Le e-commerce est un moyen de conquérir les nouveaux consommateurs mais aussi les populations ne vivant pas dans les grandes métropoles où sont installées les boutiques. En 2019, 60% des consommateurs de Luxe vivent en dehors des 15 plus grandes villes de Chine.

Les ventes online représenteront 25% des ventes du Luxe en 2025 (contre 12% en 2019). Pour préparer cet essor, les Maisons s’associent à des plateformes spécialisées dans le e-commerce sur le marché chinois.

C’est par exemple le cas de Burberry, Givenchy, Hugo Boss ou Guerlain qui inaugurent dès 2017 leur boutique online sur la plateforme créée par Alibaba, numéro 1 de la vente en ligne : Tmall Luxury Pavilion. Un an après son ouverture, le site comptait 100 000 utilisateurs dont un tiers de moins 30 ans.

La même année, les Maisons Saint-Laurent, Balenciaga ou Emporio Armani se sont rapprochées du numéro 2 de la vente, JD.com. Celui-ci a lancé la plateforme Toplife, proposant aux marques de créer leur e-flagship.

Par ailleurs, Burberry annonce en novembre 2019 un partenariat avec le géant chinois Tencent (à la tête de WeChat) afin de développer ses ventes en Chine et de créer un nouveau concept combinant les médias sociaux et le retail.

Quelques jours après, Gucci dévoile également un partenariat avec Tencent autour de stratégies expérientielles online et offline ou encore de lancements de pop-up stores virtuels sur WeChat. 

D’autres Maisons ont choisi de lancer leur propre site de e-commerce en Chine. Louis Vuitton lance en 2017 son onzième site et propose même le paiement avec UnionPay, AliPay ou WeChat. C’est aussi le cas de Hermès en 2018 avec son premier flagship digital. Pour la marque, il est devenu « le quatrième magasin dans le monde en termes de ventes », confiait Axel Dumas, gérant du groupe.
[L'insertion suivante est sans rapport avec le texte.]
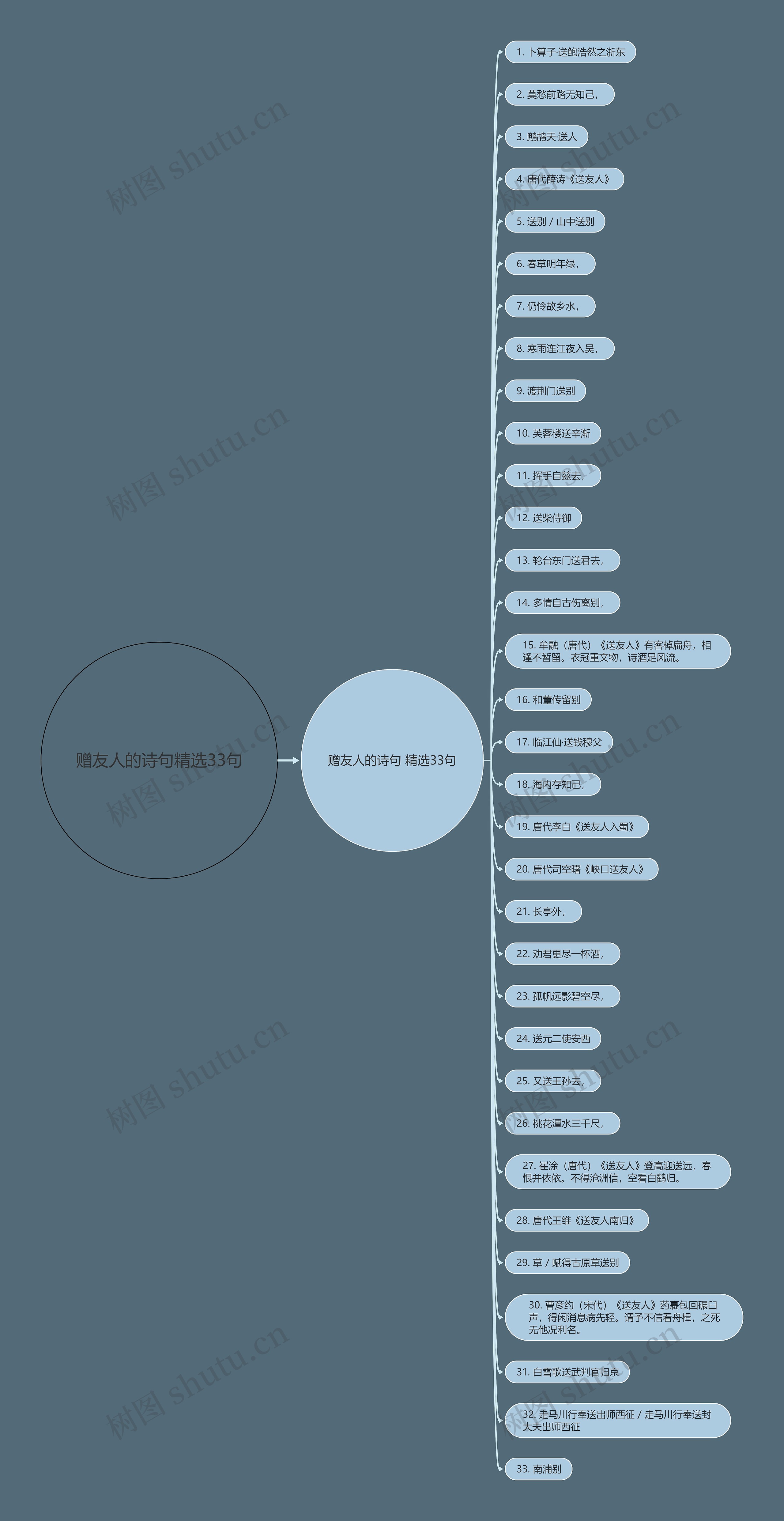 赠友人的诗句精选33句 赠友人的诗句精选33句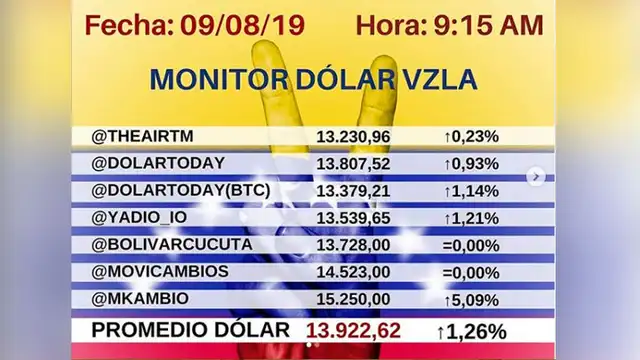 Dolar Monitor Venezuela 09/08/2019. Instagram.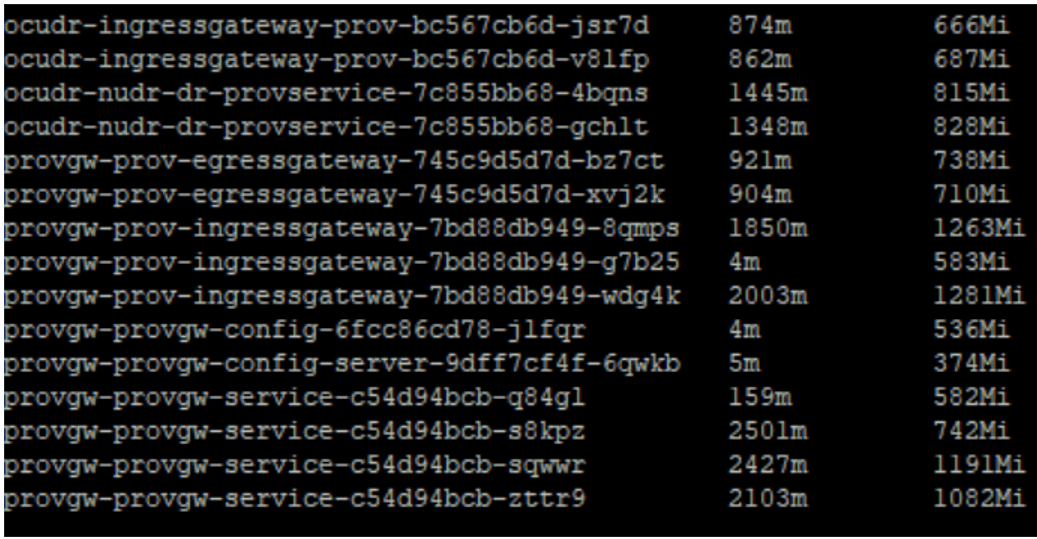 ProvGW Usage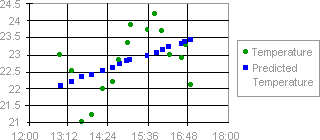 C:\Users\USDIJA\Documents\backup\TEMS Discovery\TD DocToHelp Projects\MASTER IPP Collection with PNGs\chart_scatter.png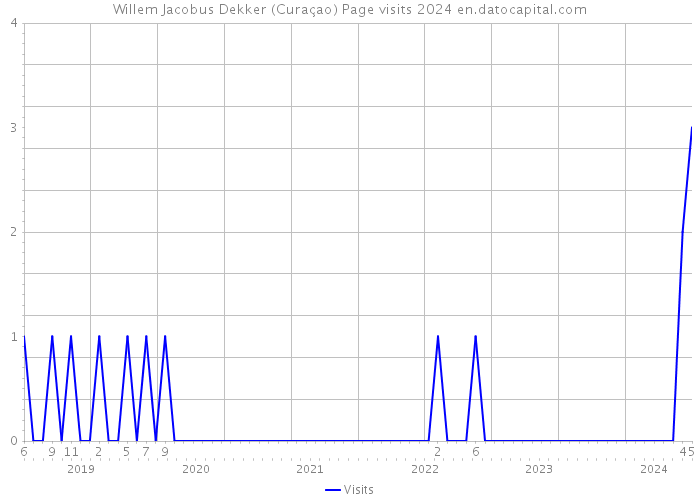 Willem Jacobus Dekker (Curaçao) Page visits 2024 
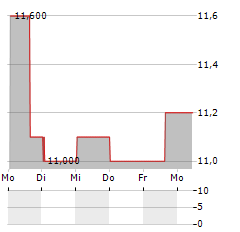 SAMSONITE INTERNATIONAL SA ADR Aktie 5-Tage-Chart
Même en ligne, les consommateurs chinois attendent des expériences personnalisées (intelligence artificielle ou recommandations personnalisées), de la simplicité en termes d’essayage (essayage virtuel ou service de commande online puis essayage offline simple) ou des services de livraisons très premium.

Ce virage vers internet transforme le paysage commercial chinois. Aux points de vente physique s’ajoute une duplication des points de vente online, complexifiant alors le suivi de la base client. Alibaba a mis en place dès 2017, un système d’identification unique de ses clients (Unified-ID) sur l’ensemble des plateformes (Luxury Pavilion, Taobao, AliPay…).

… et vers une digitalisation des expériences retail offline

Malgré l’essor des ventes online, la grande majorité continuera de se faire dans les points de vente traditionnels (75% en 2025). Le Luxe a toujours offert à ses clients des services irréprochables.

Toutefois leurs attentes sont de plus en plus axées sur l’expérience en tant que telle et l’émotion. En effet, la moitié des consommateurs chinois de Luxe espère désormais vivre une expérience digitale en point de vente que ce soit avec les cabines connectées et intelligentes, la réalité virtuelle ou augmentée ou encore les écrans interactifs et intelligents. Plus de 50% des Millenials sont même prêts à partager leurs données personnelles pour obtenir un service ultra-personnalisé en boutique.

La Chine a connu de profondes mutations que ce soit en termes de transition générationnelle, d’enrichissement ou de digitalisation. Au vu de son immense potentiel de croissance, elle a obligé les Maisons de Luxe à se transformer et à se tourner vers le digital.

La récente crise sanitaire et les restrictions des déplacements, potentiellement durables, seront des catalyseurs dans le développement de leur stratégie online et omnichannel. Il faudra continuer les efforts de personnalisation dans le marketing digital, se tourner davantage vers le e-commerce, continuer à explorer les partenariats avec les géants chinois du commerce en ligne, mais aussi offrir de nouvelles expériences ultra-personnalisées, émotionnelles et digitales dans les points de vente traditionnels.